王义第一个炸了,气得小身子都在发抖,撸起袖子就要冲出去:“这群王八蛋!敢骂爹!我弄死他们!”

王礼懵懵地也跟着攥紧小拳头,气鼓鼓地就要上:“打!打坏人!”

王贤虽然小,也气得脸蛋鼓鼓,眼圈都红了:“不许骂我爹!打他们!”

王仁一把死死拦住王义,低喝:“等等!别冲动!”

王义急得直跳脚:“等什么!他们骂爹啊!这么难听你都能忍?”

王仁看着他,一字一句,沉声道: “爹教过我们什么?

君子动口不动手。

他们现在是骂人,可咱们若动手打了活人,便坐实了‘王牧养鬼害人’的谣言。

到时候,爹的名声就毁了,科考也完了!”

王义一噎,气得脸通红,却一句话也说不出来。

王智点头,冷静道:“大哥说得对。

小不忍则乱大谋。现在动手,不值当,反而害了爹。”

王仁继续道:“他们德行有亏,

抛弃同伴,见死不救,背后毁人名声,本就亏阴德。

要惩罚,也得在关键时候,一击致命,让他们永世翻不了身。”

王义憋得胸口疼,终于狠狠一跺脚,小声骂:“行!听大哥的!先饶了这群狗东西!”

五子正说着,忽然听见旁边传来一阵锣响。

一个老头挑着担子,在街角摆了个摊,旁边围了几个人。

老头敲着锣,扯着嗓子喊: “说书啦说书啦!

今儿个讲个考场奇闻——污卷的来历!”

五子对视一眼,眼睛齐齐一亮,悄悄飘了过去。

······

老头清了清嗓子,摇头晃脑地讲起来: “诸位可知,科场之上,有一种最惨的事,叫‘污卷’?”

“污卷者,考卷之上,莫名出现污渍,

——墨汁泼洒、茶水浸染、甚至血痕斑斑,

——不管考生文章写得再好,当场黜落,三年前程,毁于一旦!”

有人问:“那是怎么回事?自己不小心?”

老头嘿嘿一笑,压低声音,神神秘秘: “非也非也!

据说,这污卷之事,多与阴德有关。

心术不正、作恶多端之人,进了考场,自有鬼神降罚,让他的卷子污损,以示天谴!”

“更有一种说法——若有考生德行有亏,考场之上,会有无形之手,将他的卷子染污!”

“故而,历年科考,但凡出现污卷者,事后查其生平,十有八九,皆是恶人!”

众人听得津津有味,连连称奇。

老头敲锣一声,压低声道: “曾有一位举子,文章写得花团锦簇,誊卷时伏案小憩,不知不觉打了个瞌睡。

等他惊醒一看——整张考卷上,

——印满了一朵朵墨梅花,全是猫爪蘸墨摁出来的!”

“那举子当场崩溃大哭,被人驱赶出贡院时,仰天悲呼:

——‘我错了!我当年不该活活打死那只母猫和它七只幼崽啊!’”

“诸位听听,亏阴德、害生灵,考场自有鬼神记账!

卷子一污,一生尽毁!”

五子却听得眼睛越来越亮,小脸上全是兴奋。

王义猛地一拍大腿,差点喊出声:“妙啊!这法子太妙了!”

王仁眼中精光一闪:“这倒是个好法子。

不伤命,不惹祸,却能让他们自食恶果。

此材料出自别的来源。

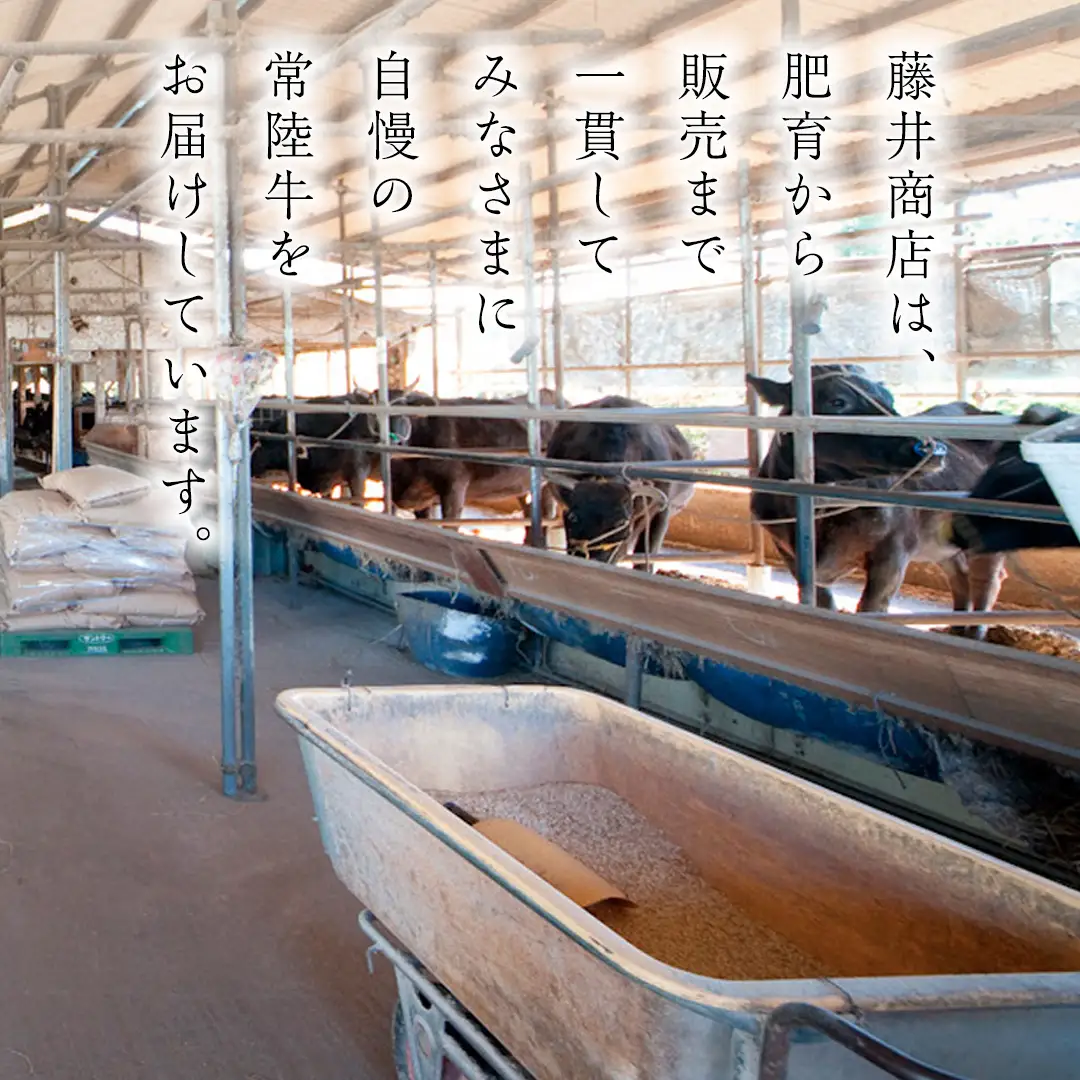 簡易包装・自宅用【常陸牛】赤身 霜降り すき焼き・しゃぶしゃぶ用850g　(霜降り400g & 赤身 450g) (茨城県共通返礼品) 肉 国産牛 和牛 お肉 しゃぶしゃぶ A4 A5 ブランド牛 黒毛和牛 国産黒毛和牛  [CD114sa]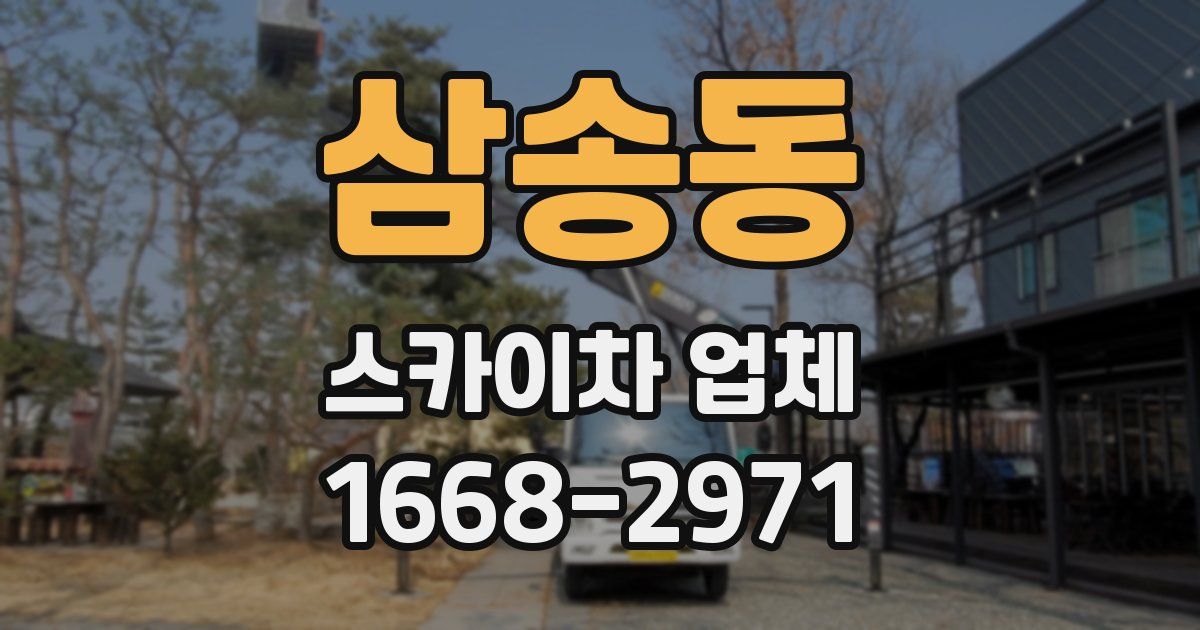 삼송동 스카이차 업체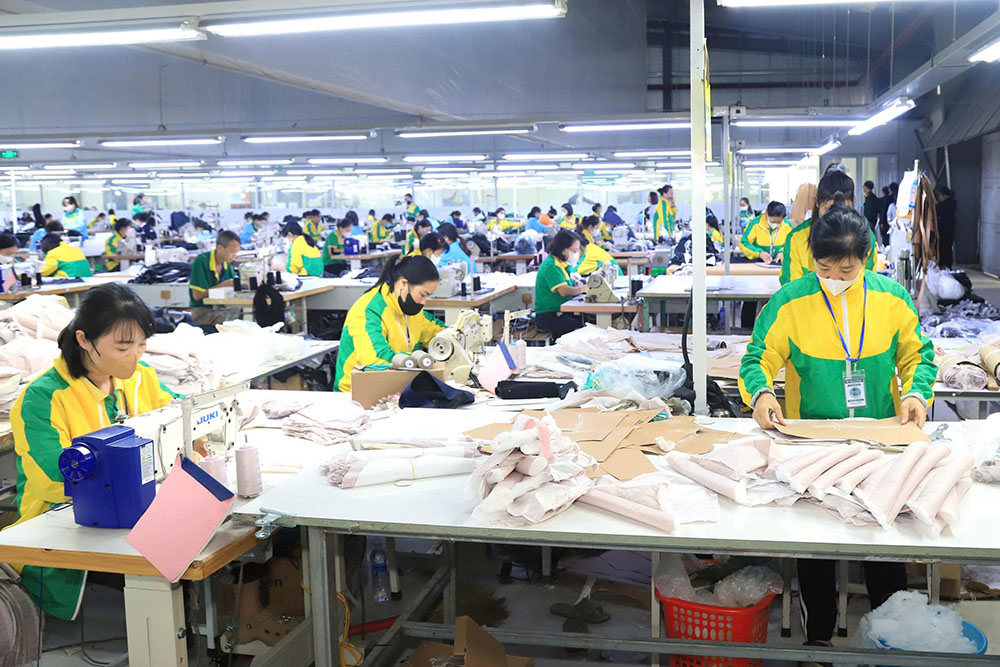 Giữ vững khí thế ra quân, tạo đà hoàn thành thắng lợi nhiệm vụ năm 2026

”

王智嘴角勾起一抹笑意:“那七个人,抛弃同伴,背后伤人,亏心缺德,怕是不知道,这世上真有‘无形之手’。”

王礼懵懵地问:“咱们要当那个无形之手吗?”

王贤奶声奶气地接话,小拳头一挥:“让他们污卷!让他们考不成!谁让他们骂爹!”

五子相视一笑,心照不宣,悄悄飘走。

身后,说书老头还在眉飞色舞地讲着。

······

五子回到客栈时,王牧还在灯下看书,背影显得有些孤单。

见他们从门缝里飘进来,

王牧擡起头,眉头微皱,语气带着几分责备: “这么晚了,跑哪儿去了?

不知道爹会担心吗?”

五子挤眉弄眼,你推我我推你,一个个缩着脖子,像犯了错的小狗狗。

最后还是王仁上前,恭恭敬敬,却带着一丝委屈: “爹,我们......我们有个请求。”

王牧放下书:“说。”

王仁小声道:“爹进考场那天,能不能......带我们一起去?”

王牧一怔,随即立刻摇头,语气坚决: “不行。

考场重地,凶险万分,岂能儿戏?

你们若被发现,爹这辈子就完了。”

王义急了,立刻凑上来,小脸皱成一团: “不会被发现的!

我们藏在你袖子里,一动不动,连气都不乱喘!”

王礼懵懵地点头,拉着王牧的衣角晃了晃:“对呀对呀,我们可乖了,不吵不闹。”

王智道:“爹,

我们修了文道功法,可以收敛气息,与常人无异。

只要我们不乱动,没人能发现。”

王贤直接扑进王牧怀里,小身子一拱一拱,

仰着小脸,眼泪汪汪,眼圈红红的,

声音软糯得快要化了: “爹爹......

不要丢下我们好不好......

你一去就是几天,我们五个自己待在屋里,好黑、好安静、好孤独......

我们害怕......

我们不想单独待着......

就想跟着爹爹......”

王仁也低下头,声音轻轻的,带着小孩子最纯粹的依赖: “爹,

我们不是要去捣乱,也不是现在就说要帮你做什么......

我们就是......舍不得你。

一想到要好几天见不到爹,我们心里就慌慌的,很难受。”

王义也放软了语气,挠挠头,别扭又真诚: “是啊爹,

我们就想在你袖子里待着,闻着你的味道,心里就踏实。

你就当......

带了五个小挂件行不行?”

王礼懵懵地跟着点头,抱着王牧的胳膊:“挂件......不占地方......”

王智也轻声道:“爹,

我们保证不乱跑、不乱看、不乱说话。

只要能在你身边,我们就满足了。”

王贤把小脸埋在王牧怀里,蹭来蹭去,声音带着哭腔: “爹爹......

带我们去嘛......

我们好想陪着你......

一个人真的好怕好怕......”

王牧看着五个儿子,一个个眼巴巴望着他,小脸写满依赖、委屈、害怕、不舍。

他们虽是鬼子,却是他的骨肉,是他一手带大的孩子。

他们不是要闯祸,只是舍不得他,只是怕孤单。

他的心,一瞬间就软成一滩水。

沉默良久,他终于叹了一声,声音放得极柔: “好。带你们去。”

五子瞬间眼睛一亮,齐声欢呼,差点蹦起来。

王牧连忙压低声音:“别高兴太早!

到了考场,必须听我的!

不许乱动,不许出声,不许被人发现!违者,以后再也不带你们!”

五子齐齐点头,小脑袋点得像啄米鸡,比任何时候都乖巧。

“记住了!”

“保证听话!”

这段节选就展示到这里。